'''
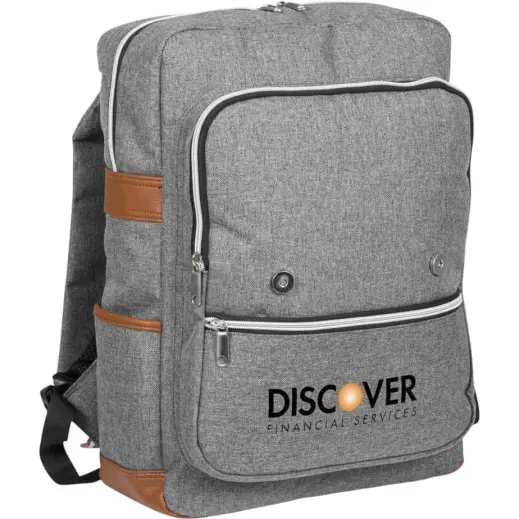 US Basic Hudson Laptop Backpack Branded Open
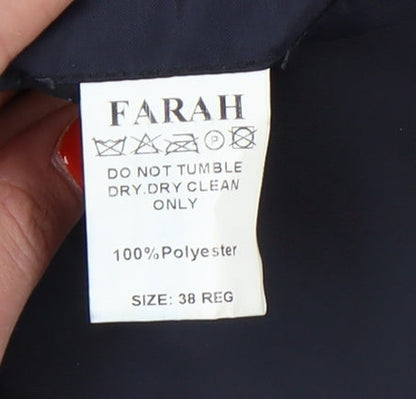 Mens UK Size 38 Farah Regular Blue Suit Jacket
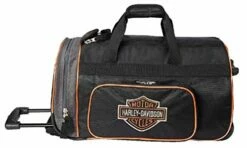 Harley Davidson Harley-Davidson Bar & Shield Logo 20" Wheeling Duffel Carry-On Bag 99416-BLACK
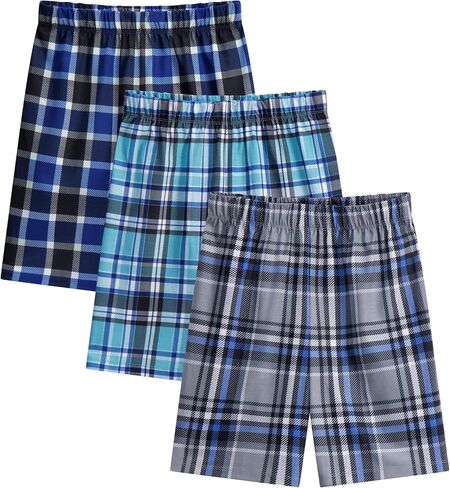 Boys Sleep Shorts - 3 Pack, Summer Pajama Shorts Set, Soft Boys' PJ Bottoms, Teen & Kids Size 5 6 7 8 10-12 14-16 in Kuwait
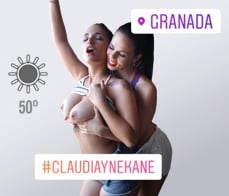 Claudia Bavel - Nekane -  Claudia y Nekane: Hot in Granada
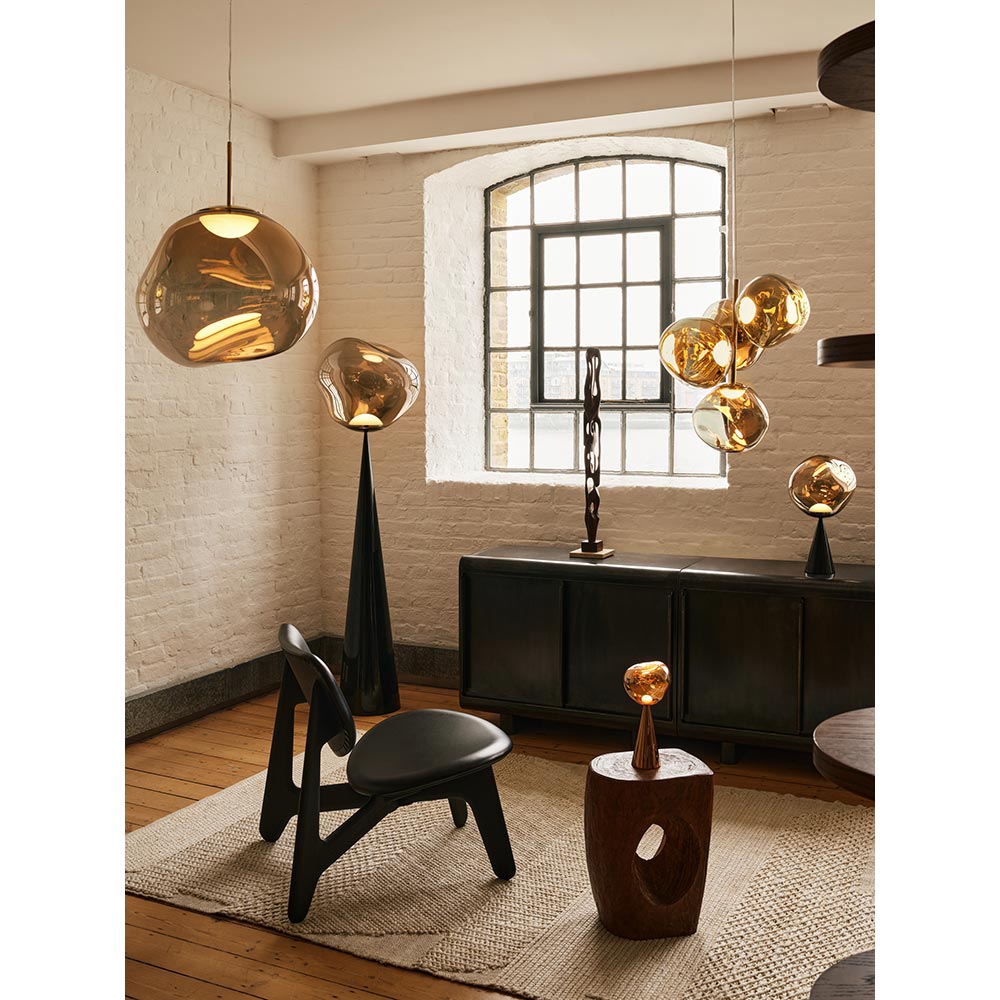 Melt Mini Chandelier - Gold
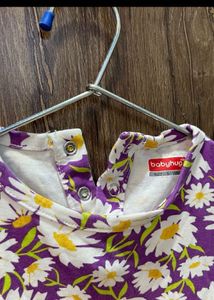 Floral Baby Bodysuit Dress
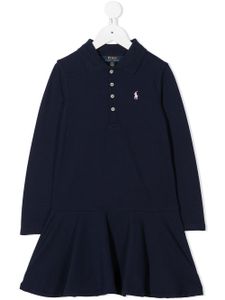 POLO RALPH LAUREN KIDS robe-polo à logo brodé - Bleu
'''
[ASSIGNMENT] Each of the lines above should be transcribed exactly; no image is to be copied.

[RESPONSE TO THIS EXERCISE]
 US Basic Hudson Laptop Backpack Branded Open
 Mens UK Size 38 Farah Regular Blue Suit Jacket
 Harley Davidson Harley-Davidson Bar & Shield Logo 20" Wheeling Duffel Carry-On Bag 99416-BLACK
 Boys Sleep Shorts - 3 Pack, Summer Pajama Shorts Set, Soft Boys' PJ Bottoms, Teen & Kids Size 5 6 7 8 10-12 14-16 in Kuwait
 Claudia Bavel - Nekane -  Claudia y Nekane: Hot in Granada
 Melt Mini Chandelier - Gold
 Floral Baby Bodysuit Dress
 POLO RALPH LAUREN KIDS robe-polo à logo brodé - Bleu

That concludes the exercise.